- [WHAT THIS TASK INVOLVES] Using the listing below, set down exactly the lines from the one that contains "新疆天文台等发现PKS 1510-089多波段光变相关性证据" through the one that contains "住友化の日足チャート(1993年6月)", with no pictures.

- [RECORDS FOR THE EXERCISE]
※

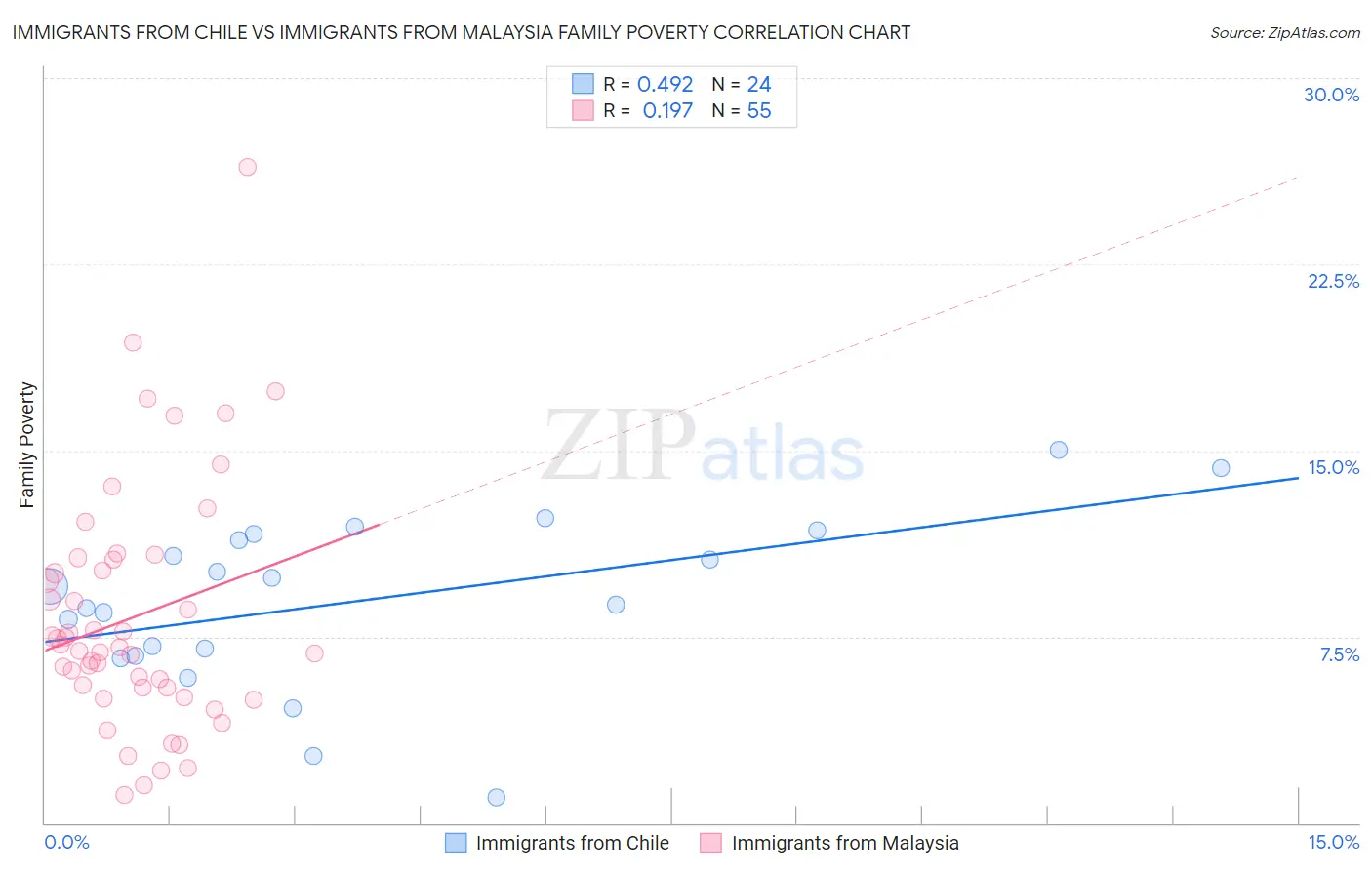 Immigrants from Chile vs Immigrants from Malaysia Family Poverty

※

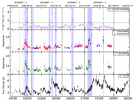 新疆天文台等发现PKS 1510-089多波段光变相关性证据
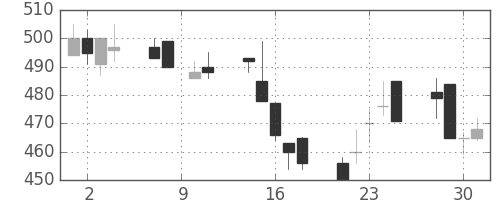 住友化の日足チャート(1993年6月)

※

- [ANSWER FOR THIS EXERCISE]
 新疆天文台等发现PKS 1510-089多波段光变相关性证据
 住友化の日足チャート(1993年6月)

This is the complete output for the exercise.